KYIV – Belarus' authorities on Monday handed a jail sentence to a factory strike organizer and detained a leading opposition activist, part of a methodical effort to stifle weeks of protests against the country's authoritarian leader after an election the opposition says was rigged.

President Alexander Lukashenko, who has ruled the 9.5-million nation with an iron fist for 26 years, has dismissed the protesters as Western puppets and rejected the European Union's offers of mediation. After a ferocious crackdown on demonstrators in the first days after the Aug. 9 presidential vote that caused international outrage, his government has avoided large-scale violence against demonstrators and switched to threats and the selective jailing of activists to stem the protests.

Anatoly Bokun, who leads the strike committee at Belaruskali, a huge potash factory in Soligorsk, was detained by police Monday and handed a 15-day jail sentence on charges of organizing an unsanctioned protest. The factory, which accounts for a fifth of the world’s potash fertilizer output, is the nation’s top cash earner.

The Belaruskali strike committee spokesman, Gleb Sandras, said authorities had managed to halt a strike at the factory that began two weeks ago and all its potash mines are now working. He said agents of Belarus' State Security Committee, which still goes by the Soviet-era name KGB, had pressured workers to end the strike.

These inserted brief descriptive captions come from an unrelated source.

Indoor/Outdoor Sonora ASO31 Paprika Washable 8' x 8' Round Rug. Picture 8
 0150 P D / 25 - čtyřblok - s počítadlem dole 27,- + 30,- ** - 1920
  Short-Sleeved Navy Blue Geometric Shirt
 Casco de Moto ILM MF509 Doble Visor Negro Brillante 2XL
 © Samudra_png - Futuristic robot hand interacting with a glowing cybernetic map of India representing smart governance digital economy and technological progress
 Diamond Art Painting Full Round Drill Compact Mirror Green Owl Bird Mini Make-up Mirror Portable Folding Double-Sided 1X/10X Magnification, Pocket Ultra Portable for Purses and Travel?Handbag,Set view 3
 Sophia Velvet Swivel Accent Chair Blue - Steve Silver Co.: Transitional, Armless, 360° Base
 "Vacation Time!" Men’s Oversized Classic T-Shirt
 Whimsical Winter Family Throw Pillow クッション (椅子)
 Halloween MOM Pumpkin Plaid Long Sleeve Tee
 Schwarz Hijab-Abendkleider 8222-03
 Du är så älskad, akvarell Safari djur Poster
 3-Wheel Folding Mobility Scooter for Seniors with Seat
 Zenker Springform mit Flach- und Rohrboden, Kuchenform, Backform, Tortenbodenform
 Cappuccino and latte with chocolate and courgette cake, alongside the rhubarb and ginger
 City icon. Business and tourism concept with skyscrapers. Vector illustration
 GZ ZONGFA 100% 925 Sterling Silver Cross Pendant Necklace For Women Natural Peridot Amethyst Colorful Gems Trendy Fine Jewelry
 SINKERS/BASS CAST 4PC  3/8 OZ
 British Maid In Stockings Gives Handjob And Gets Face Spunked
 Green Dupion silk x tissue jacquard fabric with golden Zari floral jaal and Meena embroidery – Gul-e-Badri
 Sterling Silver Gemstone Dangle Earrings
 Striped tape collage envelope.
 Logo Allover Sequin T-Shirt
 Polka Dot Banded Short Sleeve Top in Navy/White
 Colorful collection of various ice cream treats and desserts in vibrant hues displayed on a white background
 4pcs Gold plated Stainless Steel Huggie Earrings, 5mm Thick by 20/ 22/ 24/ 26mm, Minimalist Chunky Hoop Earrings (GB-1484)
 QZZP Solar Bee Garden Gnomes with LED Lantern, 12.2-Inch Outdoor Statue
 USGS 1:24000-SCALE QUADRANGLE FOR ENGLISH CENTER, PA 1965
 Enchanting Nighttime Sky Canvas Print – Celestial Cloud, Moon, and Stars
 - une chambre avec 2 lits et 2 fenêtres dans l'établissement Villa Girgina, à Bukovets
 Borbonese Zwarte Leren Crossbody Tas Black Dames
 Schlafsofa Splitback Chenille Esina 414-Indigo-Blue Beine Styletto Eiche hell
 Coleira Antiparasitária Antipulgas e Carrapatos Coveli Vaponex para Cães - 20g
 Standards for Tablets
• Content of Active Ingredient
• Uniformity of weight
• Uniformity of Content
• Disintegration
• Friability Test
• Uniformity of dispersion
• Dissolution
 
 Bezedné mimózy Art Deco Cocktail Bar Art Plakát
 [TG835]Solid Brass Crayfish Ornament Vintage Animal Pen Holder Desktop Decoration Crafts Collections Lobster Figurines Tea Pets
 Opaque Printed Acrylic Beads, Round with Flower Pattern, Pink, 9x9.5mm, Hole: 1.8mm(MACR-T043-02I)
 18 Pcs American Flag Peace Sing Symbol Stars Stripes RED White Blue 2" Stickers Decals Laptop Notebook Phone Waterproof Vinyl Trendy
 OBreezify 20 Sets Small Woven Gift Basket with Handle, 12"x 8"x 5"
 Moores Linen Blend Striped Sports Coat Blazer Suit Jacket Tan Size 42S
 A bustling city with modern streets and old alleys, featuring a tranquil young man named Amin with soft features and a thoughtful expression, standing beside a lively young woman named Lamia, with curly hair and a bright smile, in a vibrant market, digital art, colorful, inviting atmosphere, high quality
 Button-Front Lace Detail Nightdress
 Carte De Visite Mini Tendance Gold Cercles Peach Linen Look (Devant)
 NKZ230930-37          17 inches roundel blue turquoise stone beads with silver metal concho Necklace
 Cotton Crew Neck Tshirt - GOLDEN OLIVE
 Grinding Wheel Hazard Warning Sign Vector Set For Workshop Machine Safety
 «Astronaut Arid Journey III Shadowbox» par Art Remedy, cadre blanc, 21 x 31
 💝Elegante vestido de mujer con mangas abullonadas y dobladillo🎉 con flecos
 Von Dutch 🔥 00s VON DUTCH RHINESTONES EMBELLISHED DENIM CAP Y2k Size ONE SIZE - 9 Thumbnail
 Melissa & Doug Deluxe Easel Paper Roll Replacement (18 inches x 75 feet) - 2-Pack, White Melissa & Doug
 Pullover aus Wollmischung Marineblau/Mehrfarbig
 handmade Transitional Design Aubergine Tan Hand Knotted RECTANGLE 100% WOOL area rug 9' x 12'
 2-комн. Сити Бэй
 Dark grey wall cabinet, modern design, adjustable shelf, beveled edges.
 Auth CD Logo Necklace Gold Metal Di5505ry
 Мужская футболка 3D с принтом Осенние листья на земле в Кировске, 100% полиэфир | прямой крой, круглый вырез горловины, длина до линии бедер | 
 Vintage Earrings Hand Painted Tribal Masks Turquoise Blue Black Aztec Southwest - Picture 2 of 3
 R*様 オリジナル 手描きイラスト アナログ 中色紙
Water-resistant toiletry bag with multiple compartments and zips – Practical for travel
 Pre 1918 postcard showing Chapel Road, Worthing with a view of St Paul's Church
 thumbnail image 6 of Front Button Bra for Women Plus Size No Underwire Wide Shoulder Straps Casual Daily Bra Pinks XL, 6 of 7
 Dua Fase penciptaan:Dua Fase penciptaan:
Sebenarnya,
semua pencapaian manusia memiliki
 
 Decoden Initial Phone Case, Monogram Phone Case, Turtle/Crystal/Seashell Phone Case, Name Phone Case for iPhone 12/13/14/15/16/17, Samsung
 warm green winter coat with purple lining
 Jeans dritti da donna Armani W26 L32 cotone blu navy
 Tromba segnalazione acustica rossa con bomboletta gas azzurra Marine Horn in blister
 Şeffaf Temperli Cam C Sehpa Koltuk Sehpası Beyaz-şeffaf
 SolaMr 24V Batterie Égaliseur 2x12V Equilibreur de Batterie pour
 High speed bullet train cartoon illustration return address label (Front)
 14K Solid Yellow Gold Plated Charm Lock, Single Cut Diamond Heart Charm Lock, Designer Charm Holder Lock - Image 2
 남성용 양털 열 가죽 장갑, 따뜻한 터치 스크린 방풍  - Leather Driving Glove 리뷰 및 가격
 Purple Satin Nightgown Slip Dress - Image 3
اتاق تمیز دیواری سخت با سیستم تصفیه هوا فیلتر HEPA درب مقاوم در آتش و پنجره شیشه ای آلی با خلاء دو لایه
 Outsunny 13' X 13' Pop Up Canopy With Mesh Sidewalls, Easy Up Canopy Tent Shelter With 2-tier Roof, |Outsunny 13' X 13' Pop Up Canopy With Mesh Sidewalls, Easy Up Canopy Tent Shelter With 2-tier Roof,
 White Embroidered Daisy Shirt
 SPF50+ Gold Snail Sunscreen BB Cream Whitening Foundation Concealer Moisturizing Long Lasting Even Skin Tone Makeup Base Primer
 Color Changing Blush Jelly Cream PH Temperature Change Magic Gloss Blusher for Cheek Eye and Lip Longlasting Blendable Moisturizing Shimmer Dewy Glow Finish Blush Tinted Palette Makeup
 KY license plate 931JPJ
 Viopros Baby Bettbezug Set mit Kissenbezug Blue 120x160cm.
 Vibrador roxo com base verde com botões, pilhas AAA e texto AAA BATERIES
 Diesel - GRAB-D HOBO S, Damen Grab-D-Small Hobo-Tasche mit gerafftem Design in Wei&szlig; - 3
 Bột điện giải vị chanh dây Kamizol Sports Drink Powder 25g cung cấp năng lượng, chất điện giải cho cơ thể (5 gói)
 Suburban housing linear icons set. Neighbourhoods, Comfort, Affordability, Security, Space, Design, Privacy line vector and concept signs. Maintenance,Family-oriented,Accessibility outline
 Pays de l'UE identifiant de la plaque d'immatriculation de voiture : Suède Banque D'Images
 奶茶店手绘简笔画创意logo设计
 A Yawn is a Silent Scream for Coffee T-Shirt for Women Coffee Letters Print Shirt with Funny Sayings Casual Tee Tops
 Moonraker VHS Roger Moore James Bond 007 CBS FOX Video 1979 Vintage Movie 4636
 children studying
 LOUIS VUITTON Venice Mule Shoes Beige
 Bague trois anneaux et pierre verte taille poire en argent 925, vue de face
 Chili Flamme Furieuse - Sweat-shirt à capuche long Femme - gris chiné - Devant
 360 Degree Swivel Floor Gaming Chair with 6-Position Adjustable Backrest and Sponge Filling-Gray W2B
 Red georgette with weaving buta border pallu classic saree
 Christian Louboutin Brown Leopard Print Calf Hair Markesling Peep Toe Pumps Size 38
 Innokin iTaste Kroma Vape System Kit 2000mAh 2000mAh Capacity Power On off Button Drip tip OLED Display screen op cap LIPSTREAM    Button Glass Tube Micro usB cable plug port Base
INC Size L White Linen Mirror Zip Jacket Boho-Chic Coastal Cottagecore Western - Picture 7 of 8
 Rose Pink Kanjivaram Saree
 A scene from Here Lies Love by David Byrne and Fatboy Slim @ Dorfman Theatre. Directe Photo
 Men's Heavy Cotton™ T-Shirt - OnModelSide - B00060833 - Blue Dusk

“KGB agents have inundated the factory, tracking down the most active workers and using various means of pressure,” Sandras told The Associated Press. “The authorities have powerful economic instruments. They are blackmailing workers with mass dismissals.”

Strikes at Belaruskali and many other leading industrial plants have cast an unprecedented challenge to Lukashenko, who has kept the bulk of the economy in state hands and relied on blue-collar workers as his main support base.

Belarus Deputy Prime Minister Yuri Nazarov acknowledged Monday that the strikes posed a problem, but said all major industrial plants have resumed normal operations.

Bokun's detention follows the arrests of strike leaders at two other major industrial plants in Minsk last week. The organizer of a strike at the Grodno Azot, a major producer of nitrogen fertilizers, fled to Poland to escape detention.